Il a incarné ce rôle avec une légèreté d'esprit et une spontanéité désarmante, aux côtés des regrettés Khadija Assad et Aziz Saâdallah. "Jebbour" est ainsi devenu un membre de la famille pour les Marocains durant les trois saisons diffusées entre 2001 et 2003. En 2005, il revient sur le devant de la scène dans la série "Une famille très respectable" du réalisateur Kamal Kamal, confirmant sa capacité à naviguer avec aisance entre les registres dramatique et comique.
Entre cinéma et télévision: une présence renouvelée
Abdelkader Lotfi ne s’est pas enfermé dans le registre de l'humour. Il a élargi son spectre à la fiction historique et sociale, ainsi qu’à des productions cinématographiques marocaines et arabes de renom.
On l'a ainsi retrouvé dans des séries telles que "Les Rois des Taïfas" et "Le Printemps de Cordoue". Sa filmographie comprend également des titres comme "Où vas-tu Moshé ?", "Ali Baba et les quarante voleurs", "Maktoub", "Hira", "Saïda", "Sarb Al Hamam", ou encore Abdou chez les Almohades.
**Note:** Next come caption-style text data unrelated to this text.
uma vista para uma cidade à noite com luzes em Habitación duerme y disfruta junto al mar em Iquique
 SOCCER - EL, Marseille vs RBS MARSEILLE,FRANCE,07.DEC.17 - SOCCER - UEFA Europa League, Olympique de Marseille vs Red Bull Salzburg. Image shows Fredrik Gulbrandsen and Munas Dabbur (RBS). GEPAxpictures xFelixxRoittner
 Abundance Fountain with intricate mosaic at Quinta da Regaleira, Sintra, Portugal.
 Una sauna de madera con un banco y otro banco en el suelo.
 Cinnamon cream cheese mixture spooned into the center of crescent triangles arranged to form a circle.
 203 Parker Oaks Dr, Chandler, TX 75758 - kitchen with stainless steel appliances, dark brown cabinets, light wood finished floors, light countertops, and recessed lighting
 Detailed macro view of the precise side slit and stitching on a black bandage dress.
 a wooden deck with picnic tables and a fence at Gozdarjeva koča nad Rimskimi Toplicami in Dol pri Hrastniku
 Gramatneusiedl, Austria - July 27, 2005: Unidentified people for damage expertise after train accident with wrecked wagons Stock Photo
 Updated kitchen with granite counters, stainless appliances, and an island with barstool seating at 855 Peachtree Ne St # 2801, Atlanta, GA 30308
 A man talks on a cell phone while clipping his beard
Son téléfilm "Le Manteau de mon père" demeure l'un de ses rôles les plus marquants. Il y incarnait un père d'une avarice extrême, refusant de dépenser pour sa famille et s'accrochant à un vieux manteau où il dissimulait sa fortune. Sa réplique culte "Kabbouti, kabbouti !" (Mon manteau, mon manteau !), lancée lors de ses échanges avec l'acteur Youssef Joundi, reste gravée dans l'esprit du public.
À travers cette diversité d'œuvres, incluant également "Le Silence de la nuit" (1996) ou "Le Papillon noir" (2002), Abdelkader Lotfi a prouvé qu'il était un acteur complet, capable d'habiter les personnages les plus contrastés.